It’s been 20 years since Mother Teresa passed away. The UN has designated today the International Day of Charity in her honor. This is part of their statement:
Charity, like the notions of volunteerism and philanthropy, provides real social bonding and contributes to the creation of inclusive and more resilient societies. Charity can alleviate the worst effects of humanitarian crises, supplement public services in health care, education, housing and child protection. It assists the advancement of culture, science, sports, and the protection of cultural and natural heritage.
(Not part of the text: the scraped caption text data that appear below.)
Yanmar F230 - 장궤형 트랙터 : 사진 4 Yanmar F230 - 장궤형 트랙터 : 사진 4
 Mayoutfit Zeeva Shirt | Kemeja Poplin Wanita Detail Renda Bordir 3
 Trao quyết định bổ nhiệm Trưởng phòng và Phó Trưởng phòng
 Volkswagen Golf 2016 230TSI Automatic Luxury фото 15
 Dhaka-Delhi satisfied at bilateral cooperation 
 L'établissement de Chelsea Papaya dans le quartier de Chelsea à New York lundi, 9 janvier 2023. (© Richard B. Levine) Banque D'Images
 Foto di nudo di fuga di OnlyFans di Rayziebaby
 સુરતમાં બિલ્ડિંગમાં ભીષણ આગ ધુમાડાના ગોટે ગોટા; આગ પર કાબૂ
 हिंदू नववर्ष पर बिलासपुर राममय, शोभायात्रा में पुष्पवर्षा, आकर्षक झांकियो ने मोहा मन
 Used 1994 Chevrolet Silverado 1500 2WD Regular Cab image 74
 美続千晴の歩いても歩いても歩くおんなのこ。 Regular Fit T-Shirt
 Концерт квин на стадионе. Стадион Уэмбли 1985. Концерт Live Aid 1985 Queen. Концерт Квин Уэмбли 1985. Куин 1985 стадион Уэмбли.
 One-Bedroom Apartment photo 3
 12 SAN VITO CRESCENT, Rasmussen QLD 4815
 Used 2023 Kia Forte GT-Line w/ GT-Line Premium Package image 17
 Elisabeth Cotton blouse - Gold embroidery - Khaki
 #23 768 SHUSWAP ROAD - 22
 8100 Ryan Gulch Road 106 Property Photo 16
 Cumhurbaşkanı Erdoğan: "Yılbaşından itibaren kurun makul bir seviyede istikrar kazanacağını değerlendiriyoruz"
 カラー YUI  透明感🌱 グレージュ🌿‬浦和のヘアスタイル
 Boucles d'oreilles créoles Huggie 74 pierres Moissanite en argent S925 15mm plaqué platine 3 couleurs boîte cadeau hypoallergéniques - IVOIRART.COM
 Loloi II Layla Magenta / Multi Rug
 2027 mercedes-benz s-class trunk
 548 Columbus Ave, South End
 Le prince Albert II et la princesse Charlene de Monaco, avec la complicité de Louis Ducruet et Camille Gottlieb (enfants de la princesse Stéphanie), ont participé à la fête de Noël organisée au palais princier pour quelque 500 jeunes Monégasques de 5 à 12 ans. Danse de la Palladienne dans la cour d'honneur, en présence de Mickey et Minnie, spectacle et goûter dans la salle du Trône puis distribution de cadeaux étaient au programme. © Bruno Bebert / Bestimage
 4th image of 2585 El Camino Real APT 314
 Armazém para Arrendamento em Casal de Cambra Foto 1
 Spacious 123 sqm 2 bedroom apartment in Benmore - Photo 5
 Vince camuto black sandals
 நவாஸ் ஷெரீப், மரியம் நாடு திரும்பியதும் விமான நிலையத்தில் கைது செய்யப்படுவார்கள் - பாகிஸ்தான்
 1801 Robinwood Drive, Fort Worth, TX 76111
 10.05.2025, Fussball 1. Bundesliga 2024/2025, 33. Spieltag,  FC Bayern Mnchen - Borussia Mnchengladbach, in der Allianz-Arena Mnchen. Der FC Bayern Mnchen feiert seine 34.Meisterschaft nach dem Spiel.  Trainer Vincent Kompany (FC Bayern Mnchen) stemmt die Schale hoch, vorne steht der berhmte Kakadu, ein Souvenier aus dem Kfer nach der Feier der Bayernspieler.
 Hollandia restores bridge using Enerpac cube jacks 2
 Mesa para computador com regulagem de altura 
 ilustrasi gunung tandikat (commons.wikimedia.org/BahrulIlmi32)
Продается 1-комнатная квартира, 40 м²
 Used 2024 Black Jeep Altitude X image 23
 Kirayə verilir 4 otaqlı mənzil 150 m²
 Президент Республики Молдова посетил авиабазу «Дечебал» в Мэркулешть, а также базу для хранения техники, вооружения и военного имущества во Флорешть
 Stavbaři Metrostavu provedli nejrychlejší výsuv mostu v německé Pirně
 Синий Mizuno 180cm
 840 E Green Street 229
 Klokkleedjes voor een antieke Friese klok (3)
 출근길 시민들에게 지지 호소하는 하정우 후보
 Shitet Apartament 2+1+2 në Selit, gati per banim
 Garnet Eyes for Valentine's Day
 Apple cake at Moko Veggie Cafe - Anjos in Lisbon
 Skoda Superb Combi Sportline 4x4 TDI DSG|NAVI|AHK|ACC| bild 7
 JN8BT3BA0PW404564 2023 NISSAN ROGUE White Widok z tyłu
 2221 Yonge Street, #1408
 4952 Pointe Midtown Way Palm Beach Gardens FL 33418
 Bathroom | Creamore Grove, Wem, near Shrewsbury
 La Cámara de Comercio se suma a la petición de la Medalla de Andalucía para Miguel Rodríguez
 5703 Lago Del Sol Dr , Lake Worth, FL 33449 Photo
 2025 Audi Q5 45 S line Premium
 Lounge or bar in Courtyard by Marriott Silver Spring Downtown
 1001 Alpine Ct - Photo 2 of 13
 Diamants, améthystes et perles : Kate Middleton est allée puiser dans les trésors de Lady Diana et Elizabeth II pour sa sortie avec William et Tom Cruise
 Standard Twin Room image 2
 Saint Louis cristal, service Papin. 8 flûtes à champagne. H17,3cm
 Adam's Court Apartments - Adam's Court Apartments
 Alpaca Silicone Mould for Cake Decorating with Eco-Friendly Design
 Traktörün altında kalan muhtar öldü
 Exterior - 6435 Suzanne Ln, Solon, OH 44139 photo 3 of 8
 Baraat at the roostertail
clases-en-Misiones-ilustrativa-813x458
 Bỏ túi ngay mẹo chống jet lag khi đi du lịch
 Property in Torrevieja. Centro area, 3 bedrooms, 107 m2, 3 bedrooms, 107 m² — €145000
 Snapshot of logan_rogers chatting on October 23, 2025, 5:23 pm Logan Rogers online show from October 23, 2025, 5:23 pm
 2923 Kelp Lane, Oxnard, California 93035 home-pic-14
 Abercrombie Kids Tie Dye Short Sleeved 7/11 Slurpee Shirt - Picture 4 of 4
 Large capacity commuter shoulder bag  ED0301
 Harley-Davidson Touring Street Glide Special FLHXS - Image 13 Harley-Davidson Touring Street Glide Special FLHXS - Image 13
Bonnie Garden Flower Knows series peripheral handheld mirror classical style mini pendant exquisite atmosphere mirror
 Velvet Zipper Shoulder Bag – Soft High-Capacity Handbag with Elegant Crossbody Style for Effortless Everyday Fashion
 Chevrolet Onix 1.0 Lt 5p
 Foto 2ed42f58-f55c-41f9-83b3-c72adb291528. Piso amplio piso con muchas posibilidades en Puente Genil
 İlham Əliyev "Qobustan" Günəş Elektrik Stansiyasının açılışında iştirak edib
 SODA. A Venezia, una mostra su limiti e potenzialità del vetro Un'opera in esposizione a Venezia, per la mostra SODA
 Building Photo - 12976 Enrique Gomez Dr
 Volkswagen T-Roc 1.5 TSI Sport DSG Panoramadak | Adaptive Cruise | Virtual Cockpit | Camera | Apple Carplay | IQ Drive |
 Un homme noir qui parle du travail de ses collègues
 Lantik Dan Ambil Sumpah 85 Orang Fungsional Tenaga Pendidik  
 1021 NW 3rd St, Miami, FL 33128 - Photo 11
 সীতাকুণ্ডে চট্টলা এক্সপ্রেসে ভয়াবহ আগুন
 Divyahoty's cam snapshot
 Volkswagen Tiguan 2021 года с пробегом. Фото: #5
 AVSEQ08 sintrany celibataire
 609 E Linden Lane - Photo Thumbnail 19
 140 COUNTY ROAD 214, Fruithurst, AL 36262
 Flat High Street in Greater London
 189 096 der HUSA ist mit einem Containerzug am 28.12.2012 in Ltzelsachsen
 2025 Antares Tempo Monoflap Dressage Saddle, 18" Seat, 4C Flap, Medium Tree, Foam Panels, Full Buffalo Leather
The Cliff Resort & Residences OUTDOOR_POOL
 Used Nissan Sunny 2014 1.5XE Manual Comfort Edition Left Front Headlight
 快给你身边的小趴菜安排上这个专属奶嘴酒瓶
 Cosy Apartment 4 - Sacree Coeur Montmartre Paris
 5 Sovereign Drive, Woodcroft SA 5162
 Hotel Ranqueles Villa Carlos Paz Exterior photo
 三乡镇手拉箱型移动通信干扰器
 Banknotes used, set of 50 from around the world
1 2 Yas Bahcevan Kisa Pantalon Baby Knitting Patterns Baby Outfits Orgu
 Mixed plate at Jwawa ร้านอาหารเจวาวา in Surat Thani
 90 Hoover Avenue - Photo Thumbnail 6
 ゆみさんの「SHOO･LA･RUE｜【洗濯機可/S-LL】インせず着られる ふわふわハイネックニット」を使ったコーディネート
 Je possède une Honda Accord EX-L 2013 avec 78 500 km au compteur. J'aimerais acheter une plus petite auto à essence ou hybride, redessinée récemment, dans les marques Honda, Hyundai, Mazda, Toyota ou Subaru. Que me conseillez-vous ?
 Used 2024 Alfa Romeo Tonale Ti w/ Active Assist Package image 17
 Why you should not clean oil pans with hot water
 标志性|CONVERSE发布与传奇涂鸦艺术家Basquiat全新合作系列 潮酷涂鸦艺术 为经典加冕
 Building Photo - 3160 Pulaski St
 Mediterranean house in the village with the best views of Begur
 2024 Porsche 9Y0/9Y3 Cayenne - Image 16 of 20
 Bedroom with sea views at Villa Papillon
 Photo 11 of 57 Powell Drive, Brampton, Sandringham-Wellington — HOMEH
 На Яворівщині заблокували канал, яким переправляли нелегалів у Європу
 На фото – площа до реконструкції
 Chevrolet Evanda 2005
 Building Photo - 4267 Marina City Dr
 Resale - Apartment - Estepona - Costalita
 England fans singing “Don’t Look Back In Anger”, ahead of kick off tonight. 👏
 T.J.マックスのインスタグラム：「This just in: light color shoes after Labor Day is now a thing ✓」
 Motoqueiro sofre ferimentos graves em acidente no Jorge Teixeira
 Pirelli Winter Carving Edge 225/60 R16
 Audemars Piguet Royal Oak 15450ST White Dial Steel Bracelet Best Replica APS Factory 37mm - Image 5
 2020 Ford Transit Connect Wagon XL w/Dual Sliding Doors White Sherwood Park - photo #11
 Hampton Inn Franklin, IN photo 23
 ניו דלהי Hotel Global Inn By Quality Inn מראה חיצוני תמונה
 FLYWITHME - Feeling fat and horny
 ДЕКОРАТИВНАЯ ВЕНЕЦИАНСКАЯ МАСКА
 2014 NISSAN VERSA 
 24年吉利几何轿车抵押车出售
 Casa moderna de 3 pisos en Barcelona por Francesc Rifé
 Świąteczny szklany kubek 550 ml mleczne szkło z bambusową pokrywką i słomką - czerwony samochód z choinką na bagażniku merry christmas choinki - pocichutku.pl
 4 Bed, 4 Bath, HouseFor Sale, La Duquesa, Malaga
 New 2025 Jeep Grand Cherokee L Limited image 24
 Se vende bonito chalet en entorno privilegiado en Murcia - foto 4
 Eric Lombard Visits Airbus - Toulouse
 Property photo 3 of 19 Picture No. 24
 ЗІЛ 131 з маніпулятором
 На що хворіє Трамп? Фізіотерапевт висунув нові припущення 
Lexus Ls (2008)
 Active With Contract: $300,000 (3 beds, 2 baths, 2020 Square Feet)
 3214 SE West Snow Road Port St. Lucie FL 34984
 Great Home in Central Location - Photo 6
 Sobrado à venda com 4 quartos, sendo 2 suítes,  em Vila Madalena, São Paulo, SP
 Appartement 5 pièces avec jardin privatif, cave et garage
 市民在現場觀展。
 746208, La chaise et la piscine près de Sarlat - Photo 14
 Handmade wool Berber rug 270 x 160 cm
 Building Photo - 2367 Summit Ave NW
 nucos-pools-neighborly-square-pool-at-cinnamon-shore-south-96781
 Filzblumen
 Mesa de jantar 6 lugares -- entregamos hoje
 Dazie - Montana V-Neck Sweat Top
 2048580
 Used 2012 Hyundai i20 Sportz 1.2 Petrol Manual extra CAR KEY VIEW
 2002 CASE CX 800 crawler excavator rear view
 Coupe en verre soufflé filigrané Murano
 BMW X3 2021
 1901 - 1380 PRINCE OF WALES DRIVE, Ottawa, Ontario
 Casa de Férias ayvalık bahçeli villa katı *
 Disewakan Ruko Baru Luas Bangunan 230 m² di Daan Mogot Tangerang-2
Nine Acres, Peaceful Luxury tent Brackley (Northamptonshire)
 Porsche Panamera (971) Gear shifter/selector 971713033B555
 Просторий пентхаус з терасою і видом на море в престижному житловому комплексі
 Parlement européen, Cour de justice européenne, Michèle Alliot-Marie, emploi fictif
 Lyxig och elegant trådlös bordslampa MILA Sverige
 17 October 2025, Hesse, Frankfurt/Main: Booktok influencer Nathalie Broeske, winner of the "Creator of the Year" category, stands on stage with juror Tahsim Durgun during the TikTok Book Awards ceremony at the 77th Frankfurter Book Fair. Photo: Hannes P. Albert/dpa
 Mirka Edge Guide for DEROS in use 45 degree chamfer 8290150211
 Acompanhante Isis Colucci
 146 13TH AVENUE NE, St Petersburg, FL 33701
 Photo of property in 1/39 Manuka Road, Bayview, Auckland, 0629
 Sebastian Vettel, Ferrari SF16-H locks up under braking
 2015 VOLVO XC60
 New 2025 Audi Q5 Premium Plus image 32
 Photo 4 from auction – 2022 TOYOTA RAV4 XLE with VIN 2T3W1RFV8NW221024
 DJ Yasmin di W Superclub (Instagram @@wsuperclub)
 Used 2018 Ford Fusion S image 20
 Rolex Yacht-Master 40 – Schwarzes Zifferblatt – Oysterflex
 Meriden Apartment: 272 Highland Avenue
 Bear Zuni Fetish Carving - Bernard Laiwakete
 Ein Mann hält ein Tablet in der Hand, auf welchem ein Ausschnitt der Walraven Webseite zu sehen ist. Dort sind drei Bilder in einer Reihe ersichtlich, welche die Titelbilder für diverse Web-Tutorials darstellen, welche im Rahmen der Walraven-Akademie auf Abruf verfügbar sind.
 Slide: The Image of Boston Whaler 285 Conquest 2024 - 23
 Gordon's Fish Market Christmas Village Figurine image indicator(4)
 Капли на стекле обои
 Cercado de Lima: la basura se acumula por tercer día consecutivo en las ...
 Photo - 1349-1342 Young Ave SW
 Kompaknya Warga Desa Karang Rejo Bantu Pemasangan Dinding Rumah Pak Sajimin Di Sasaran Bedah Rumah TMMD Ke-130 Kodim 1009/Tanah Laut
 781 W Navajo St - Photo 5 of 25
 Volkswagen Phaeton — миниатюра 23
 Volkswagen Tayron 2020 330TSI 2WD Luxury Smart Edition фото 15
It also promotes the rights of the marginalized and underprivileged and spreads the message of humanity in conflict situations.
The International Day of Charity was established with the objective of sensitizing and mobilizing people, NGOs, and stakeholders all around the world to to help others through volunteer and philanthropic activities.
The date of 5 September was chosen in order to commemorate the anniversary of the passing away of Mother Teresa of Calcutta, who received the Nobel Peace Prize in 1979 “for work undertaken in the struggle to overcome poverty and distress, which also constitute a threat to peace.”
What I’ve always admired about Mother Teresa is her humanity as she struggled to become a saint. She often questioned if she was doing enough, if she was good enough, if what she was doing was enough. We see the work she did and the people she fed, heart and soul, and we know that she was enough. She was just like we all are, unsure and human.
She is a role model to me to keep trying, keep pushing to be as charitable as I can be. I spend hours every week making sure that people know that they are enough, enough to keep living. I spend hours each week thinking about how I can be kinder to myself and others.
Hopefully, on this day of charity, you’ll take a minute to recognize that you are enough and that the charity you do helps feed the world.